*Source material*
▽

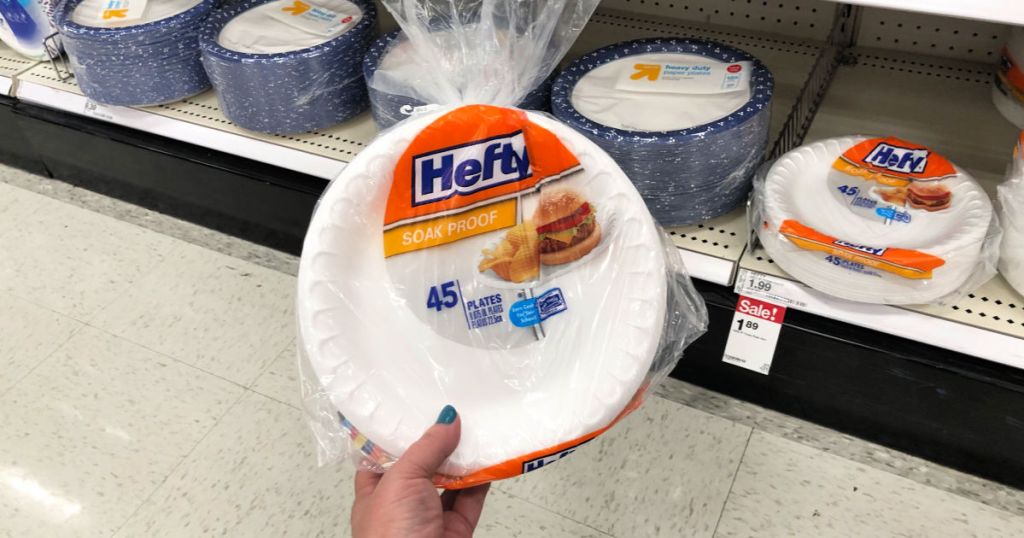 Hand holding hefty plates at target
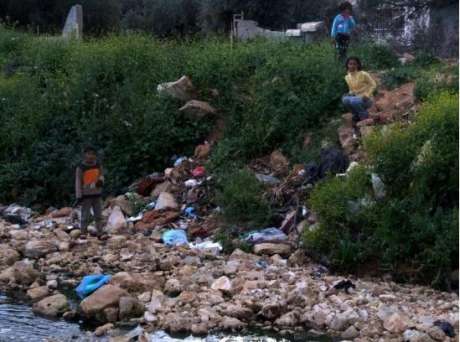 Palestinian children play in a polluted stream contaminated by wastewater from Ariel settlement, Bruqin, West Bank. (Photo: EWASH-OPT)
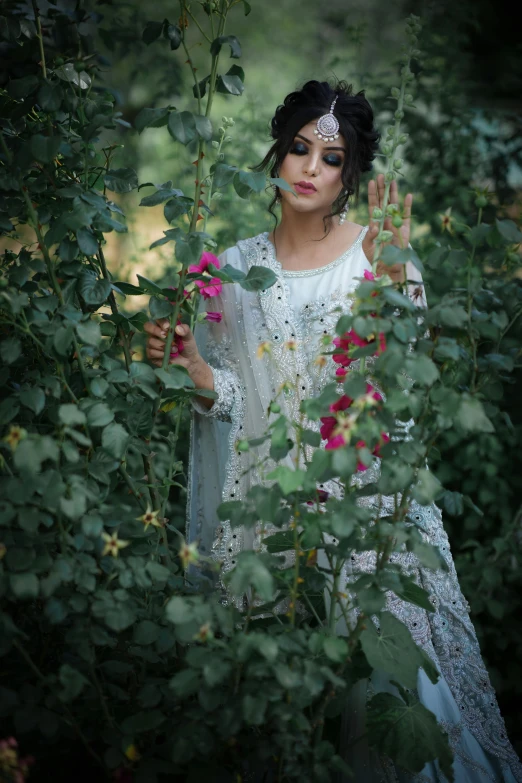 a woman in white holding flowers with a tiara on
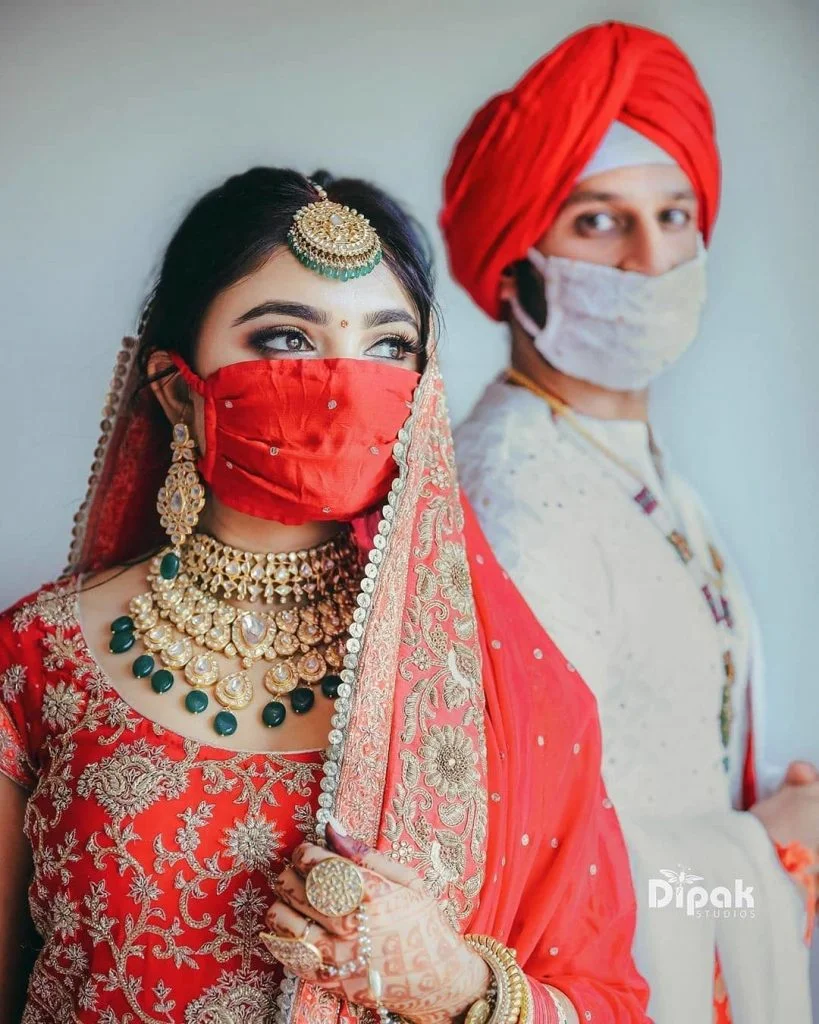 couple posing with wedding simple face masks 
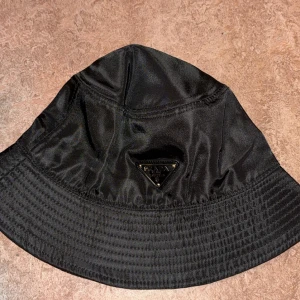 Svart bucket hat från Prada - Helt ny hat i toppskick säljes. Bästa replikan du kan hitta! Kan mötas upp eller skickas.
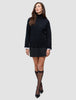 En kvinne har på seg en svart, tykk og myk ullstrikket turtleneck for kvinner over en hvit skjorte med krage, et svart skjørt og svarte høyhælte sko.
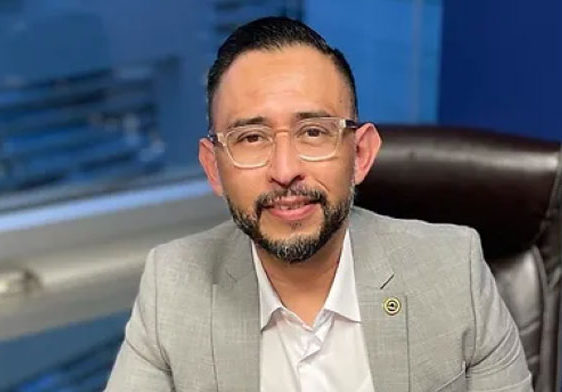 Man in a suit sitting at a desk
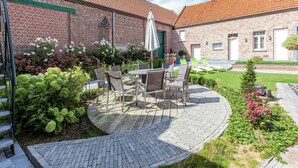 A patio with outdoor furniture, a brick building, and a green lawn. - Le Bizet Vacation Home (Comines-Warneton)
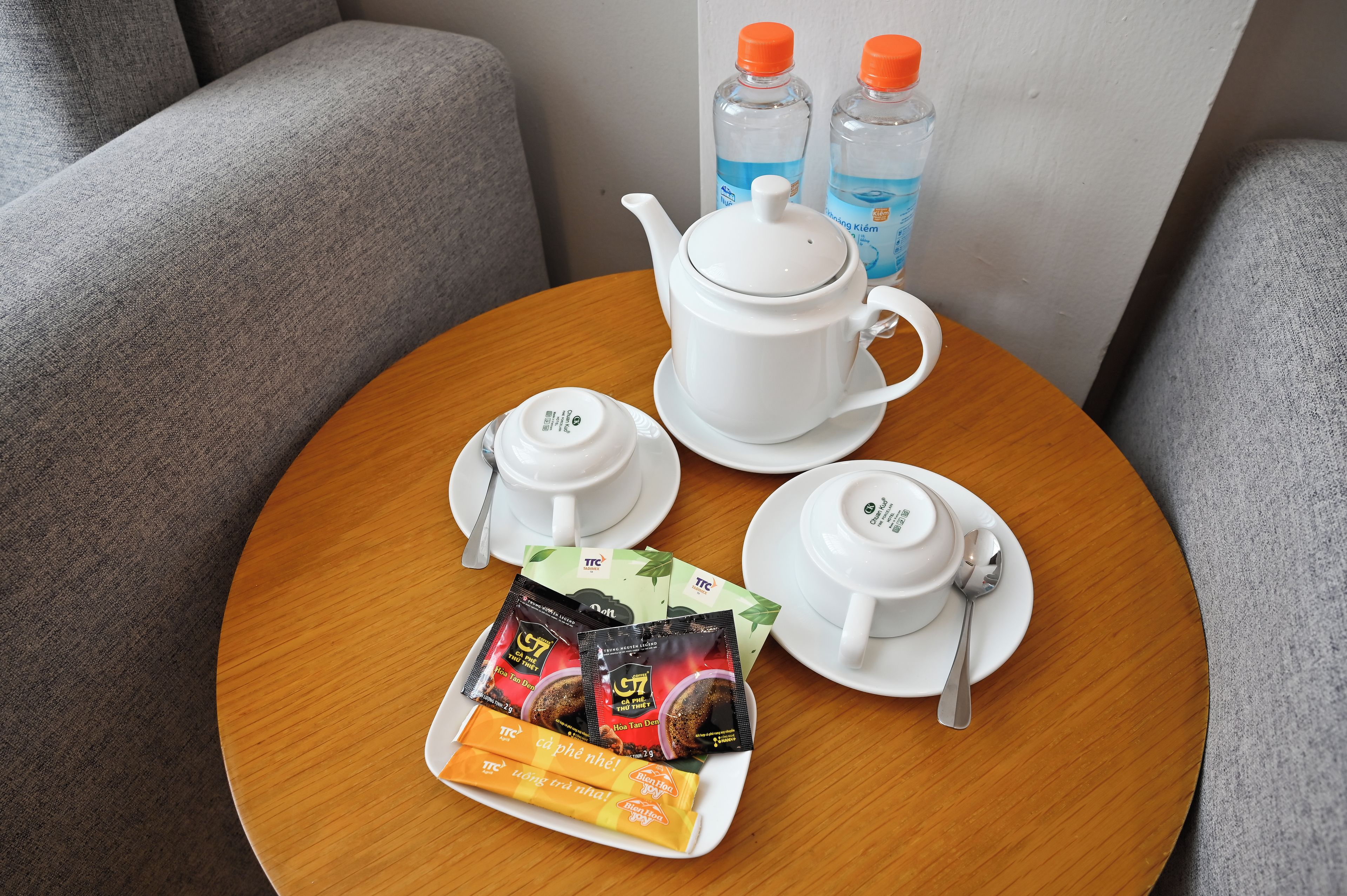 A table with a teapot, two cups, a spoon, and tea packets.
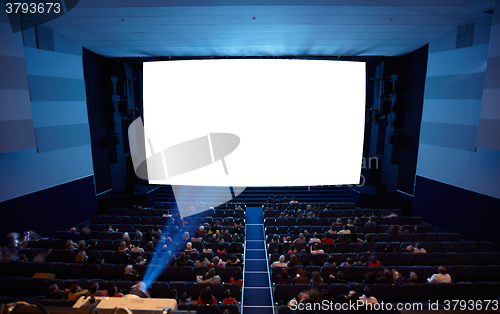 Image of Cinema auditorium with light of projector.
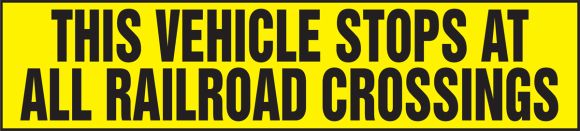 THIS VEHICLE STOPS AT ALL RAILROAD CROSSINGS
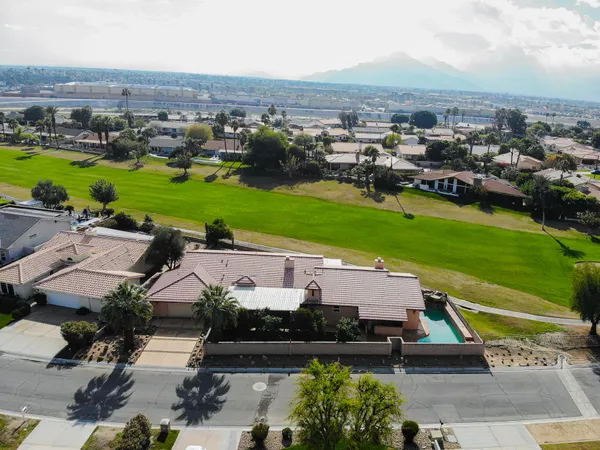 an aerial view of a house with a garden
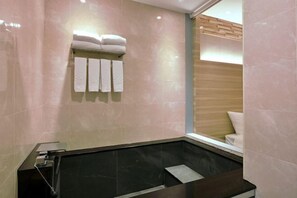 A modern bathroom with a black bathtub, a towel rack with folded towels, and a wooden panel wall. - Muen Yuan Dong Hot Spring Hotel (Yilan)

△

*What you need to do*
From the line containing "Image of Cinema" through the last line of the listing, inclusive, transcribe every line exactly and nothing else; the pictures stay out.

*Answer space*
 Image of Cinema auditorium with light of projector.
 THIS VEHICLE STOPS AT ALL RAILROAD CROSSINGS
 an aerial view of a house with a garden
 A modern bathroom with a black bathtub, a towel rack with folded towels, and a wooden panel wall. - Muen Yuan Dong Hot Spring Hotel (Yilan)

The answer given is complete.